Рядом с моим санаторием находился хутор Чубинских, и мы часто просиживали длинные лунные вечера на роскошной веранде моего санатория, окруженного столетним дубовым лесом.
Михаил Павлович Чубинский был тогда министром юстиции при гетмане. Замечательный это был человек: умница, высококультурный, но неисправимо проникнутый левым духом разрушения Императорской России. Он был чистейшим продуктом старого режима с замашками чистокровного барина, помещик до мозга костей на своем собственном хуторе, прекрасно воспитанный на чисто русских навыках. Это был совершеннейший образец русского предреволюционного и культурного интеллигента. Он был всем обязан Императорской России и был ее неуклонным врагом и вредителем.
Бывший директор Императорского лицея, профессор военноюридической академии, он воспитывал своего сына в привилегированном лицее. И он стал противником русской культуры и украинским сепаратистом конституционалистического толка! Не имея в себе ни одной черты демократической, ибо он был аристократом духа в полном значении этого слова, он примкнул к демократам, конечно, лишь на словах, ибо во всех своих навыках он оставался барином. Это был человек выдающийся, который никак не подходил под демократическую гребенку. Михаил Павлович любил поиграть в винт с моим отцом, любил не по-социалистически покушать и, надо отдать ему справедливость, брезгливо относился к социализму. Он рассказывал мне в Киеве, как, получив из рук февральских правителей титул сенатора, он резко отверг сделанное ему предложение быть апостолом социализма. В другой раз он рассказал мне о своих переговорах с полубольшевистской Радой и также отверг социалистическое сотрудничество. Но зато кадетский кодекс, столь противоречивый его уму, пристрастие к конституции властного по природе честолюбца и стремление к ограничению самодержавных тенденций даже гетмана, он исповедовал до последних дней своей деятельности в России. Во всяком случае, это был один из самых интересных людей русского культурного общества.
Сестра Михаила Павловича, знаменитая певица и примадонна Московской оперы, была красою русской (а не украинской) культуры и искусства.
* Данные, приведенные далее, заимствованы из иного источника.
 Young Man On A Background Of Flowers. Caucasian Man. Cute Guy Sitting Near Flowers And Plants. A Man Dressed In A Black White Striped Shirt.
Она сохранила даже в эмиграции не только любовь к России, но даже монархические убеждения. Брат, Павел Павлович, был теперь товарищем министра путей сообщения в гетманской Украине. Перед тем это был высокий русский сановник Императорской России, начальник Амурского округа путей сообщения, то есть носитель русской культуры, облеченный доверием Империи. Это также был высококуль -турный человек и прекрасный инженер. Впоследствии, при занятии
Киева добровольцами, был расстрелян его сын, почти юноша, который раньше часто бывал у меня.
Дело в том, что он неосторожно увлекся во времена большевиков деятельностью своих сверстников и работал в какой-то чисто большевистской организации по автомобильному делу. Он имел и чисто большевистские документы. С приходом добровольцев в Борисполь он по собственному почину явился к командиру с предложением своих услуг. Он позабыл уничтожить свои документы и наивно предъявил их.
Война разговоров в таких случаях не знает, и он был расстрелян на месте.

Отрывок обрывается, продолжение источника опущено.